YOUR ASSIGNMENT – Set down, exactly and with nothing added, the lines running from the one that holds "Building Photo - 8122 John Mosby Hwy" to the final line of the records. Pictures stay out of the copy.

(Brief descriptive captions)
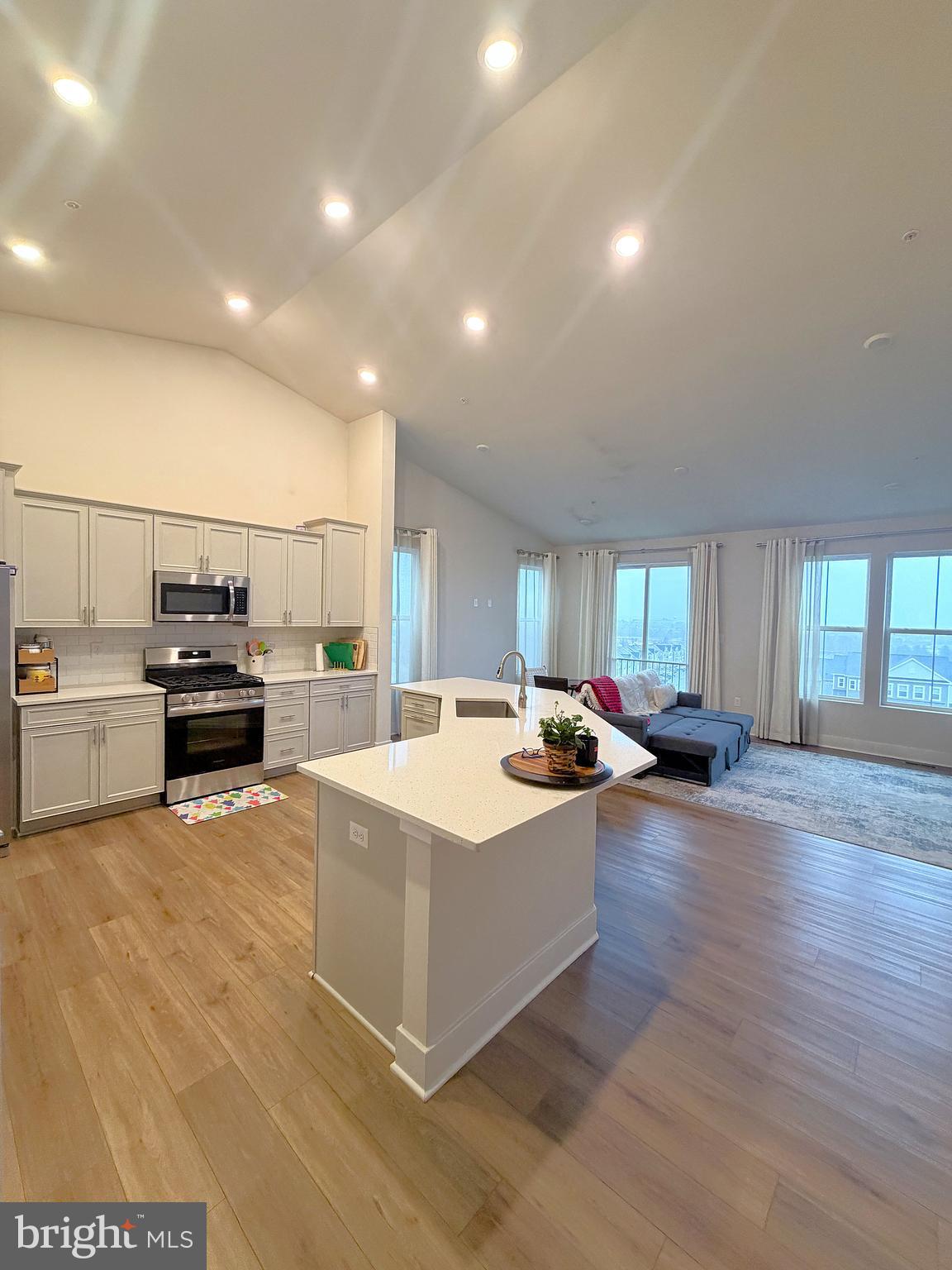 SYCAMORE RIDGE - Residential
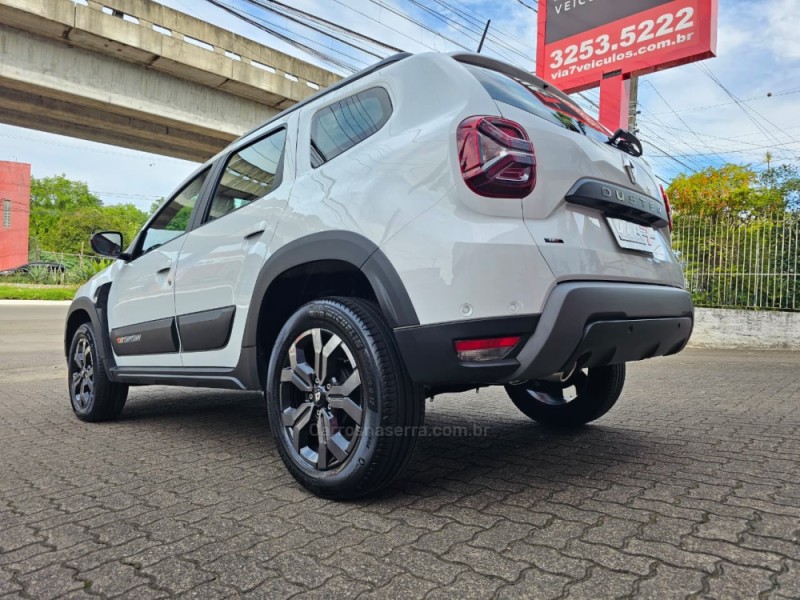 DUSTER 1.3 TCE ICONIC PLUS FLEX 4P AUTOMÁTICA - 2025 - NOVO HAMBURGO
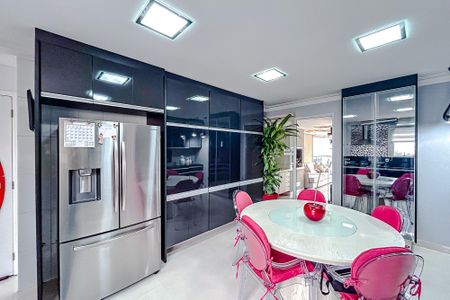 Apartamento à venda com 238m², 4 quartos e 4 vagasCozinha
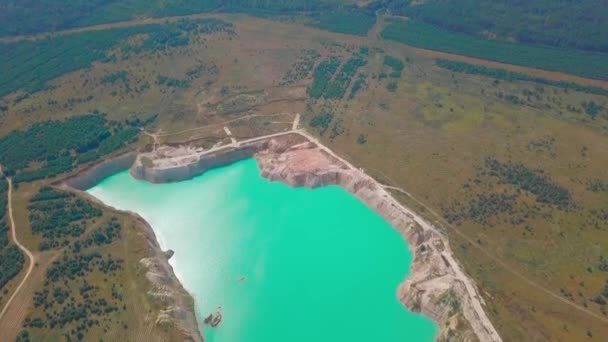 Un lac artificiel dans une carrière de craie. vue depuis un drone. Fond d'eau turquoise — Video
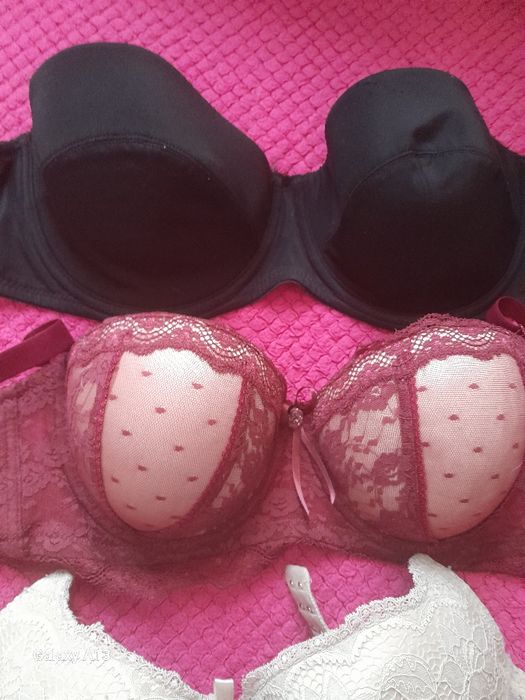 Tanio staniki  sprzedam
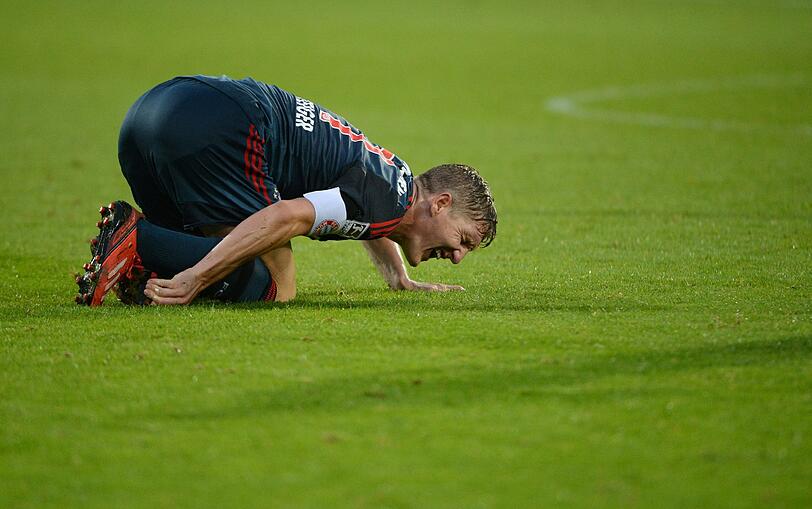 Bastian Schweinsteiger mit schmerzverzerrtem Gesicht: Der Bayern-Star wurde beim 1:1 gegen Freiburg ausgewchselt. Die Bilder.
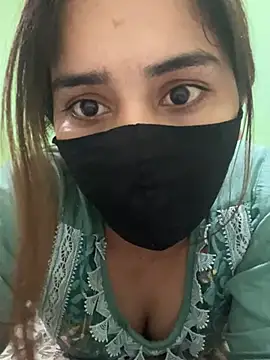 Snapshot of Black_Glow chatting on March 11, 2025, 5:46 pm Black Glow online show from March 11, 2025, 5:46 pm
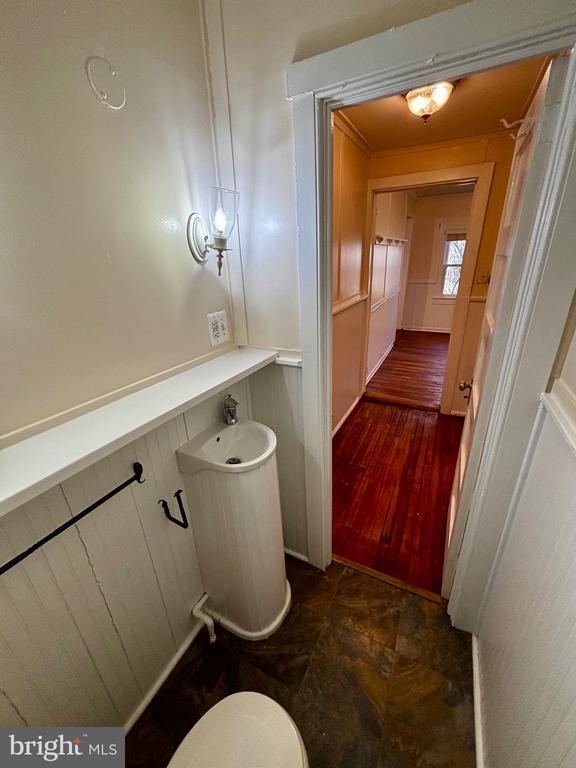 Building Photo - 8122 John Mosby Hwy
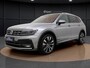 Volkswagen Tiguan Allspace 1.5 TSI 150 PK DSG Highline | 7-Persoons | R-Line | Pano Dak | 20" Suzuka | Camera | LED Plus |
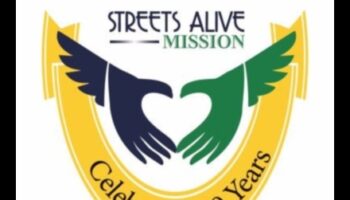 الشوارع على قيد الحياة: نبض الساحات الحضرية ومناظر الشوارع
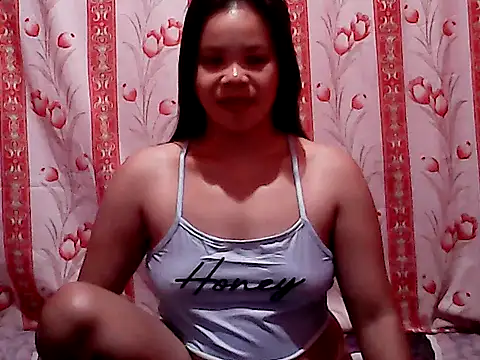 Sexylyka30 online show from October 26, 2025, 9:10 pm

REPLY –
 Building Photo - 8122 John Mosby Hwy
 Volkswagen Tiguan Allspace 1.5 TSI 150 PK DSG Highline | 7-Persoons | R-Line | Pano Dak | 20" Suzuka | Camera | LED Plus |
 الشوارع على قيد الحياة: نبض الساحات الحضرية ومناظر الشوارع
 Sexylyka30 online show from October 26, 2025, 9:10 pm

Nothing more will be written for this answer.